Dirty deeds, done in the dirt

27 February 2024
Cormac Mills Ritchard

The Dirty Life of Mining in Australia: A Travelogue

By Lindsay Fitzclarence. Interventions, 2023; 214 pages.

Reviewed by Cormac Mills Ritchard

“Blasts make floors crack and houses shake”, journalist Tom Joyner reports about Williamstown, a suburb in the Western Australian mining town Kalgoorlie. Northern Star Resources’ mine has drilled tunnels deep beneath the houses, in which it carries out regular blasts.

“Lifelong local Fay Henderson said after years of fighting, she is exhausted and feels a sense of dread that it will not be long before Williamstown is gone altogether. “‘I think that it eventually has to pass that we just won’t be here, that the mine will engulf us eventually.’”

The Dirty Life of Mining in Australia, by Lindsay Fitzclarence, is a valuable resource. Setting out from Morwell in eastern Victoria, and travelling to Broken Hill, Roxby Downs, the Kimberley, Mount Whaleback and Kalgoorlie, he combines research with journaling to paint a picture of mining’s devastating effects across the continent.

The environmental effects are visible in the moonscape of open-cut pits and waste rock mounds, artificial lakes and craters filled with metallic and chemical tailings. Featuring in Fitzclarence’s photography, swathes of land have been cleared for these facilities.

The human cost is detailed painfully throughout the book. Mines are less easily forgotten than their victims. The Line of Lode Memorial in Broken Hill pays tribute to 800 dead miners. In Kalgoorlie’s Eastern Goldfields Miners Memorial, there were 1,484 names at the time Fitzclarence visited.

Often, the deaths result from capitalists sacrificing safety for profits. Morwell is one example—in 2014, a grassfire ignited a coal mine in a blaze that streamed from the coal face for 45 days, leaving homes “invaded by ash and shrouded in polluted and toxic air”. This poisoning led to at least 60 excess deaths before the fire was put out, according to research by Voices of the Valley (community activists had to compile evidence themselves in the face of a government cover-up). This could have been prevented, but the owners had dismantled the mine’s watering system.

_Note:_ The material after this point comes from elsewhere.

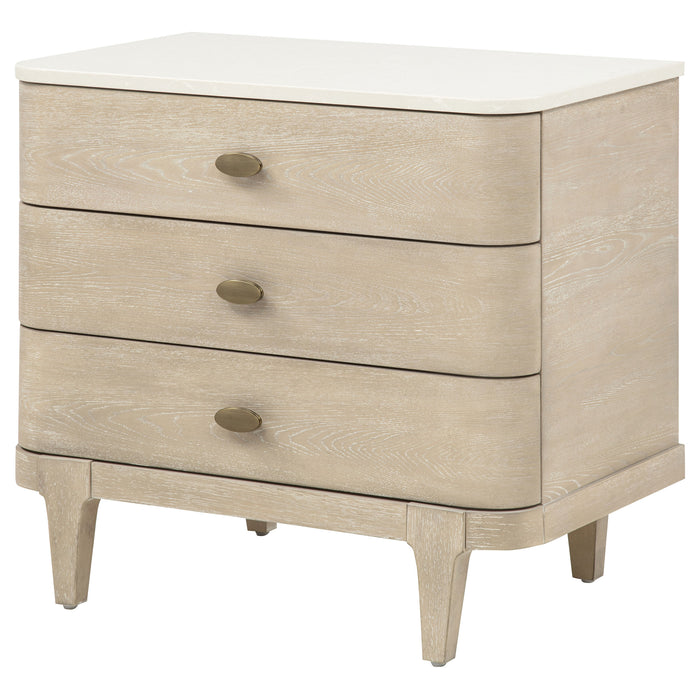 Lucaire 3-drawer Nightstand Bedside Table Sandstone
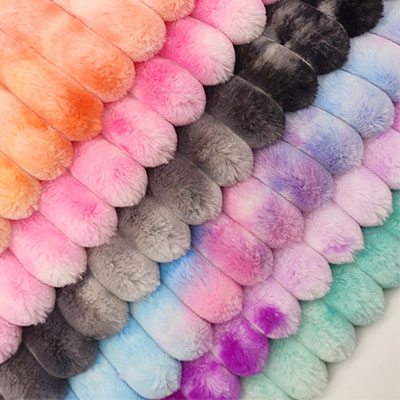 Faux Rabbit Hair Tie Dye Strip Fleece Fabric For Carpet Drop Needle Fleece Faux Rabbit Hair Tie Dye Strip Fleece Fabric For Carpet Drop Needle Fleece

Another example is Broken Hill’s lead-bearing winds. Broken Hill Prospecting (now BHP) established mines there in the 1880s. “On windy days, lead-rich dust from the smelters landed everywhere”, Fitzclarence explains. “It settled on the roofs and drained into drinking water tanks. Cattle, sheep and dairy cows ate grass covered in lead dust, which flowed into the food chain.” Lead poisoning was responsible for many of the miner deaths marked in the memorial.

Recounting the radical history of Broken Hill, Fitzclarence shows that miners and their families didn’t take this lying down—they forged the most militant union town in Australia at the beginning of the twentieth century. Yet Broken Hill’s children still suffer from lead-induced brain damage, making them “more than twice as likely to have developmental delays than the national average”, according to research from 2015.

If resistance has shaped mining, mine owners have tried to shape the resistance. The industry claims to be the backbone of many regional towns. But towns like Newman in Western Australia have been emptied of people by the use of fly-in fly-out (FIFO) workers.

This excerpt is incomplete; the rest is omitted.